As long as your child gets quality time with both sides of the family that is all that matters. Our children are not to blame for the fact that we can't get along with the in-laws.

As for the whole seatbelt thing. Bottom line is you are the Mom and they HAVE to respect your choice to want to be sure they are buckling your child correctly. They DON'T have to like it but, they NEED to respect that you are worried. I went through the same thing. My problem is that my mother-in-law is absent minded that even my husband agrees she can't be trusted with our kids in her car. We have been in the car with her while she drives and man I had to ask that we pull over so I could pick up my heart that had rolled under the seat.
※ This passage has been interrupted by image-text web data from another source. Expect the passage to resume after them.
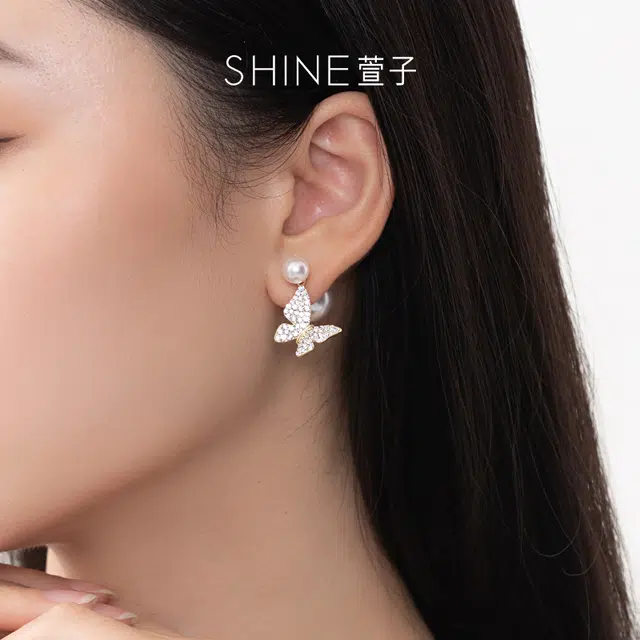 SHINE
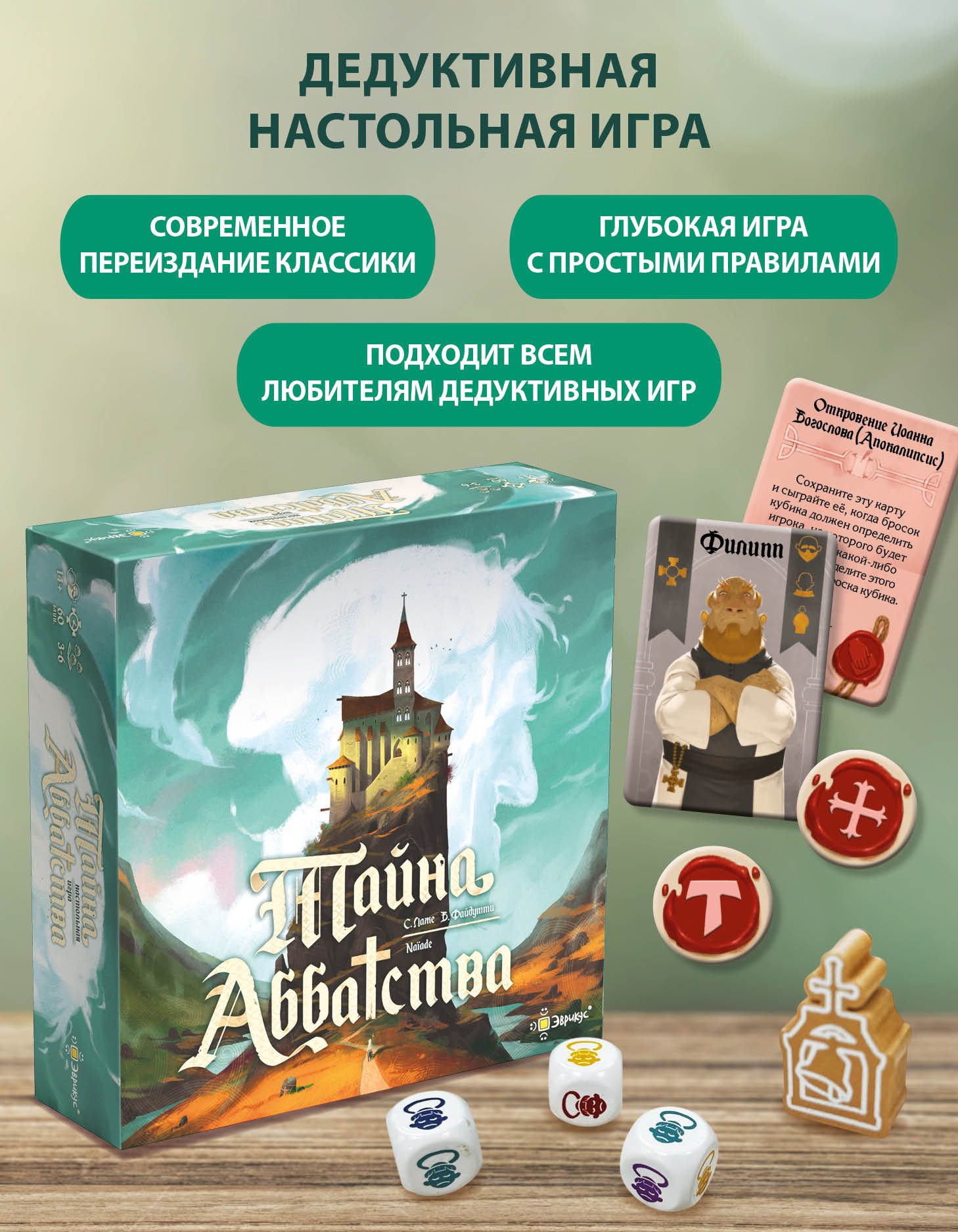 Настольная игра Эврикус Тайна Аббатства PG-17404 - фото 1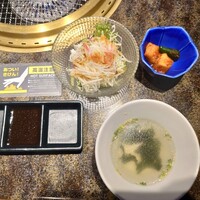 焼肉 徳川苑 - 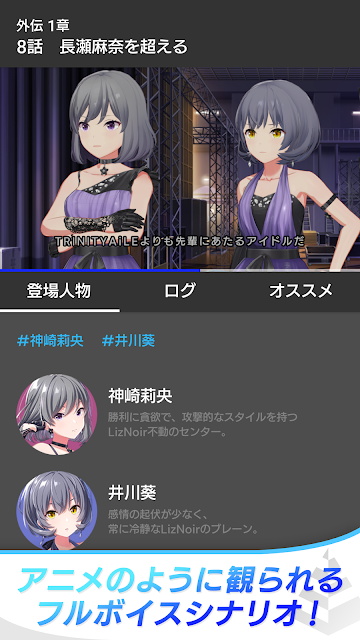 偶像荣耀(IDOLY PRIDE)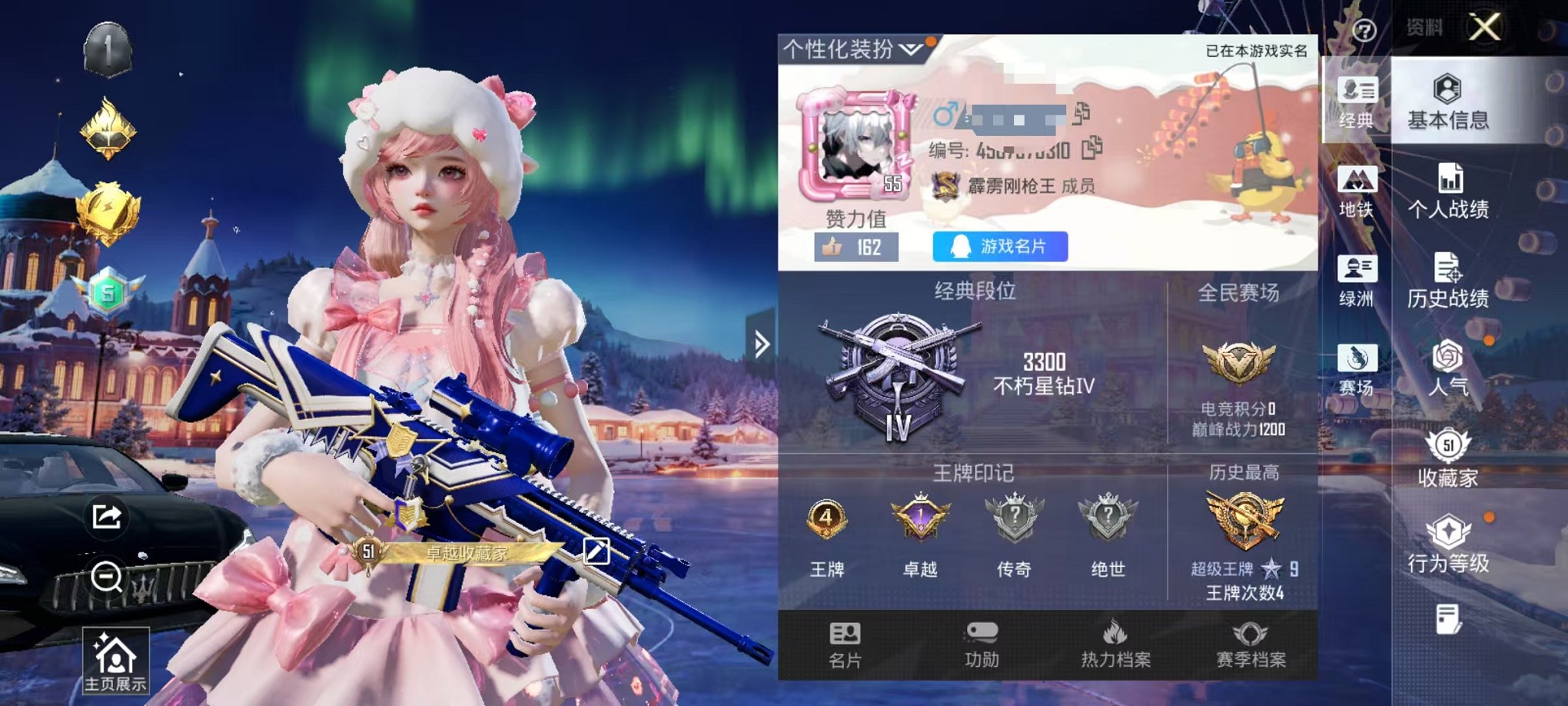 和平精英账号安卓QQ1载具-95套装-129枪皮-可二次【满级青春物语 4粉装5特效枪1载具 可秒换绑】 安卓Q区-41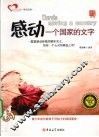 感动一个国家的文字 封面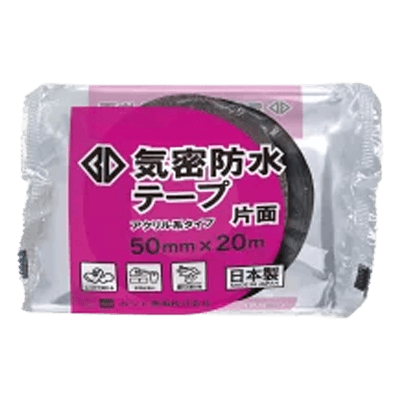 ボンド商事 BDアクリル気密防水テープ 片面 50mm×20m BTKB-S50-ながしまや株式会社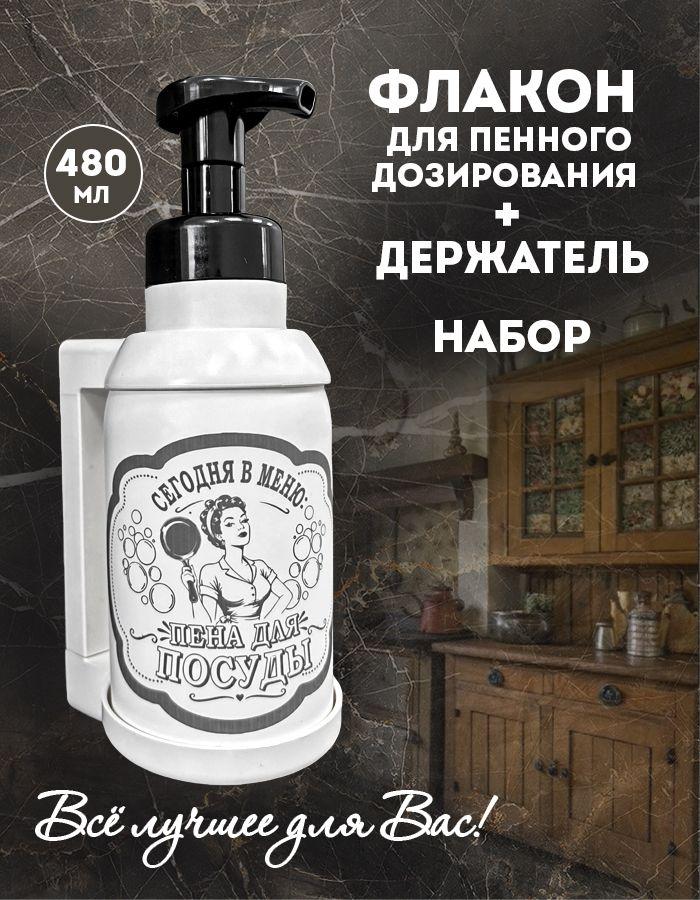 Дозатор для средства для мытья посуды механический , диспенсер настенный, TM POCUS, 480 мл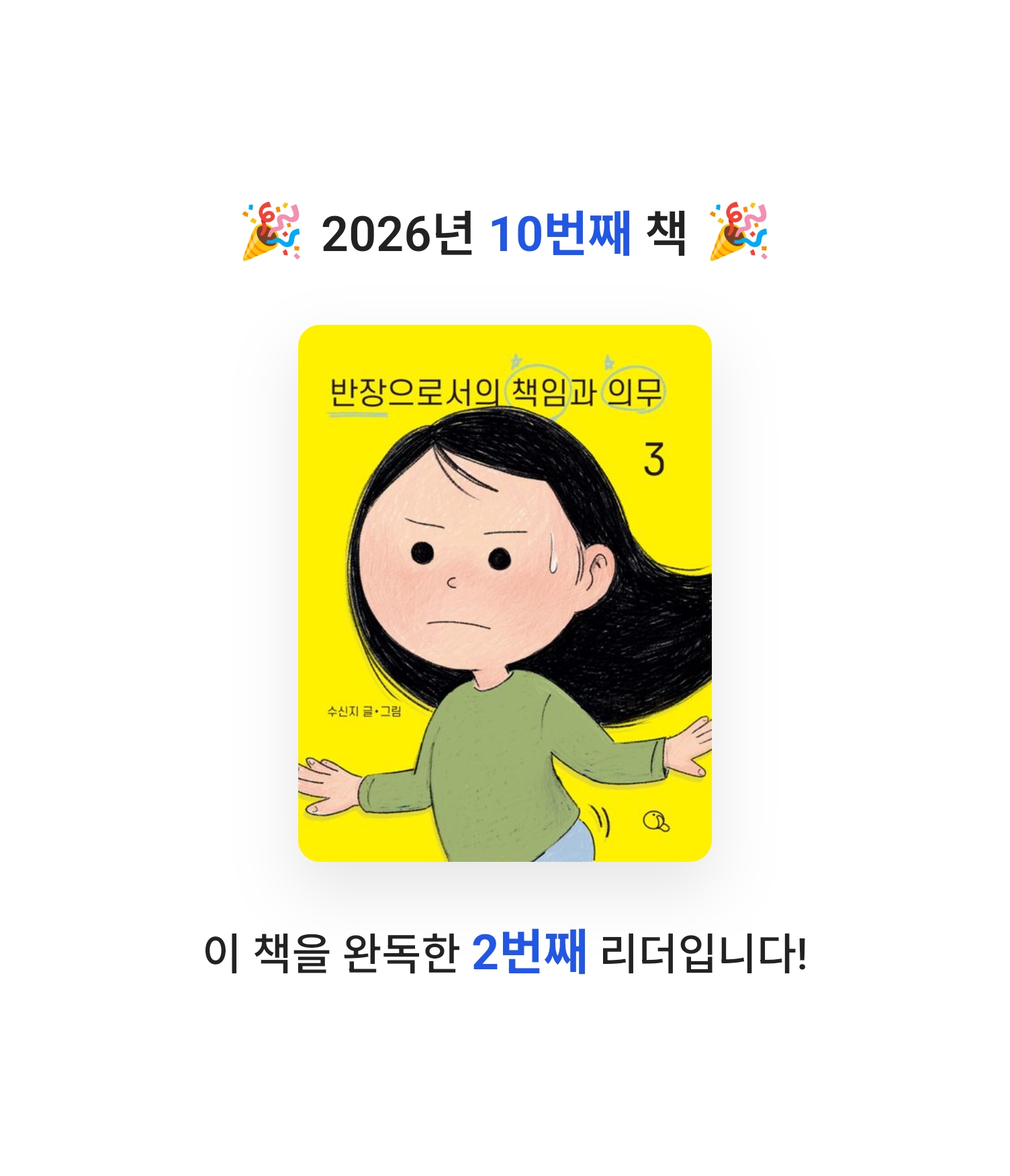 로즈베리님의 반장으로서의 책임과 의무 3 게시물 이미지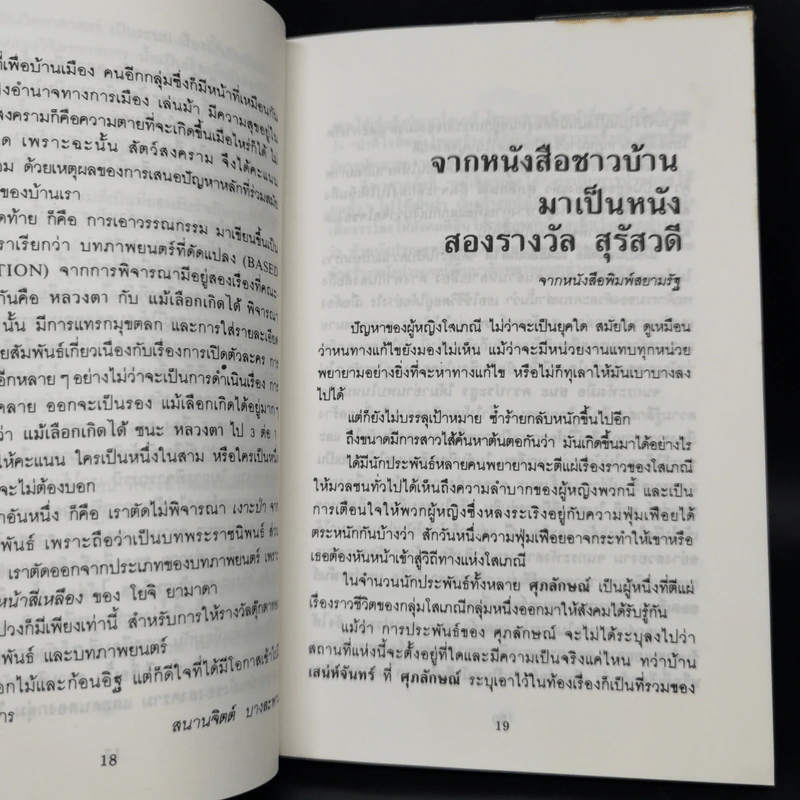 แม้เลือกเกิดได้ - ศุภลักษณ์ รูปที่ 10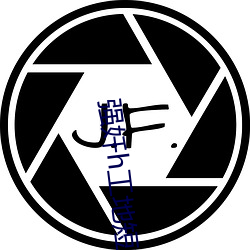 强奷(qiān)h工地短篇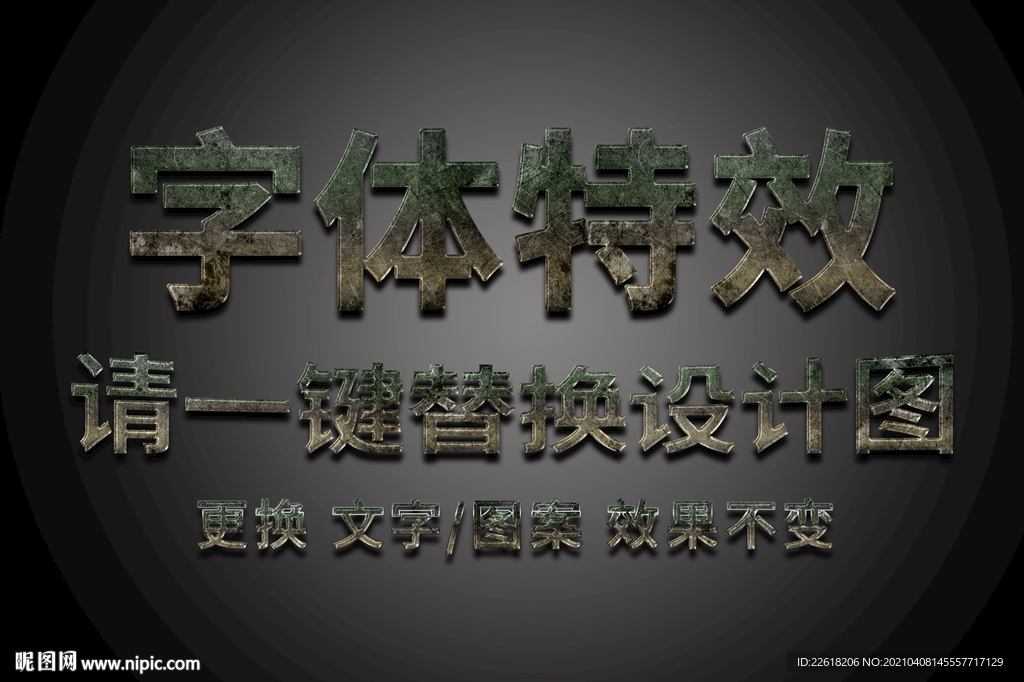 大理石复古字体特效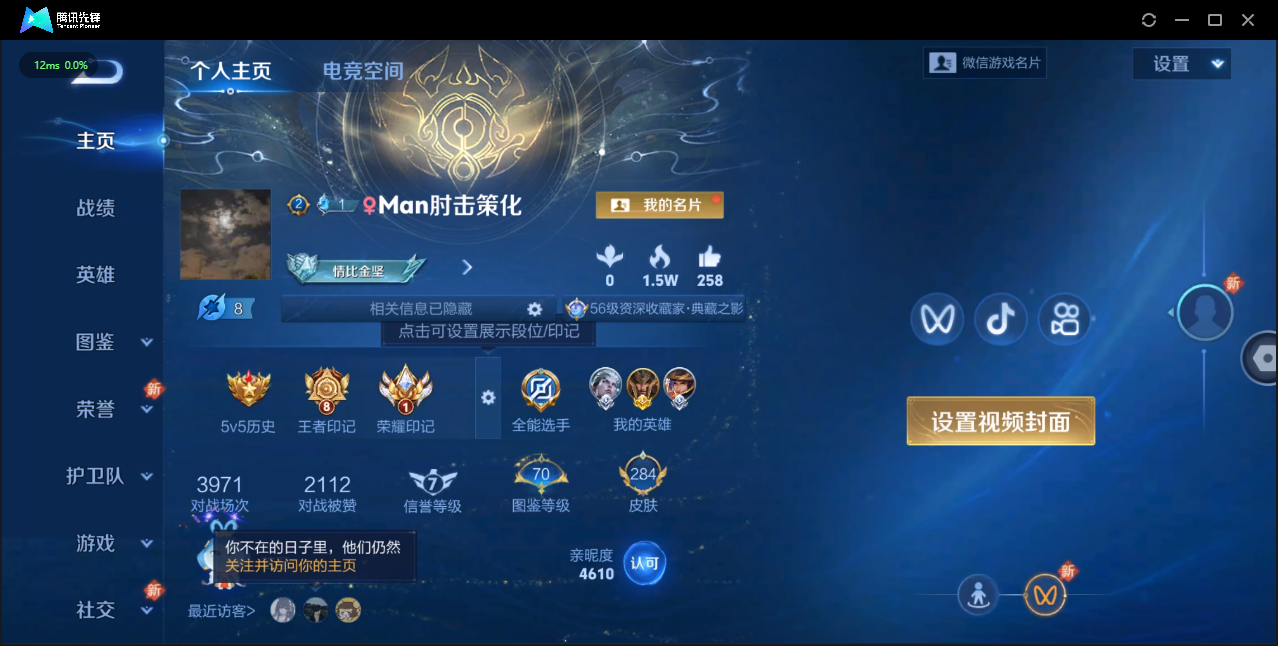 WZCMW3325304王者荣耀账号详情图2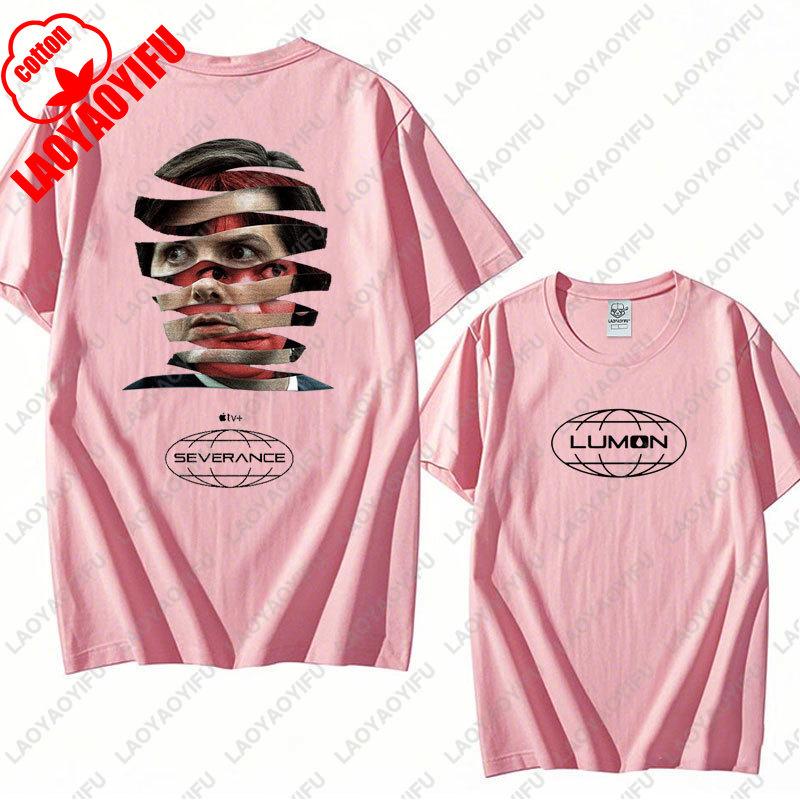 Vintage Lumon Macrodata Refinement Severance Tees Retro Severance TV Show Cotton Tshirt Summer Retro Trend Cool Unisex T Shirts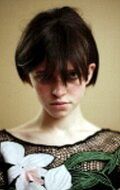 Мария Альче / María Alche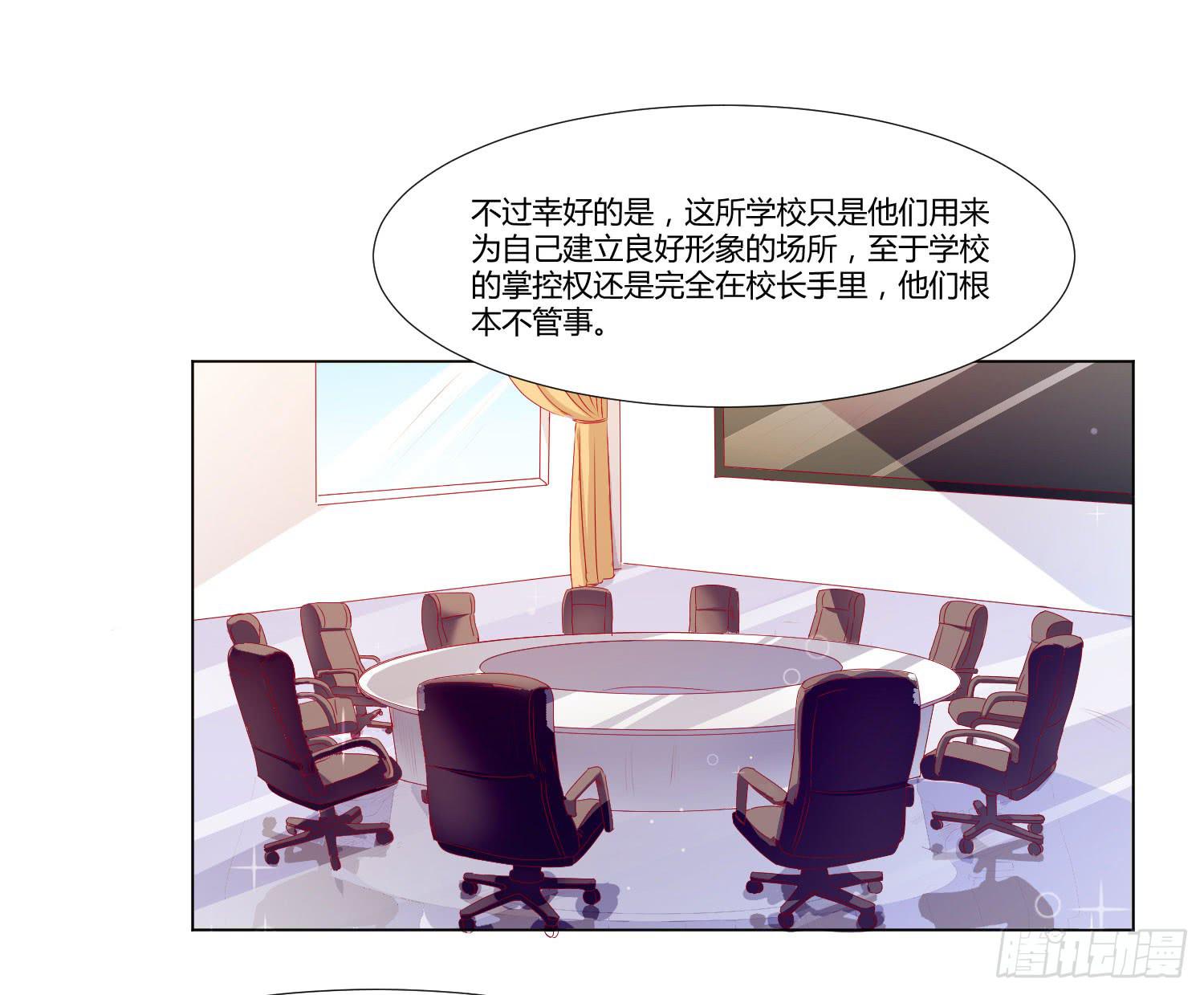 《弱气校草追爱记》友情提醒 第19页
Try to be civil to each other during your child's party if not then you gather friends and your family celebrate and he can take your child to see the Spanish side of the family on a different day.


----------



## Anonymous07 (Aug 4, 2012)

capri7204 said:


> I am in a interracial marriage. I am Spanish and my hubby is white. When I read all of your posts it sounds more like you just may not get along with your in-laws and it may not have anything to do with the fact that you are white. I tried for so long to get along with my husbands mother and there was always some drama causing me and my husband to fight and so I sat down with him and we agreed that it would be best if I just stayed away from his parents and vice-versa. That has been the best decision we ever made. Life is great!! Kids see the in-laws and I stay away. You gotta pick your battles.We can't have everything!
> 
> If this has been going on for a long time, nothing is going to get better. Sometimes we get along with people, sometimes we don't. What is most important is that your child gets to see your husbands side of the family as well as your own. My husband takes my kids to see his parents and I just do my own thing. You have to remember your married him NOT his family. I could care less if my in-laws like me or not or whether it's a Spanish/white issue. Bottom line I love my hubby/he loves me and we get along great . Even more so since I stopped interacting with the in-laws. Save yourself the aggravation.
> 
> ...


I don't feel comfortable having my husband take our son and eventually second baby to see his family alone without me. They live out of state, so it's not just a short drive to go see them. It's a trip to go visit and I don't want to be away from my child(ren) for that long. I don't think my son would do well anyways, since he's highly attached to me. I just don't see that going well and I know my husband can be talked into things by his family, and I don't trust his family at all. My husband is so afraid to "make waves" with standing up for himself, that he tends to just give in. That is not ok with me.


----------



## Anonymous07 (Aug 4, 2012)

Well my SIL and her family, plus my other SIL and her daughter all stayed over this past weekend and finally left this morning. I am pretty sure I know why we have issues now, as it seems race and language related from what happened this weekend. 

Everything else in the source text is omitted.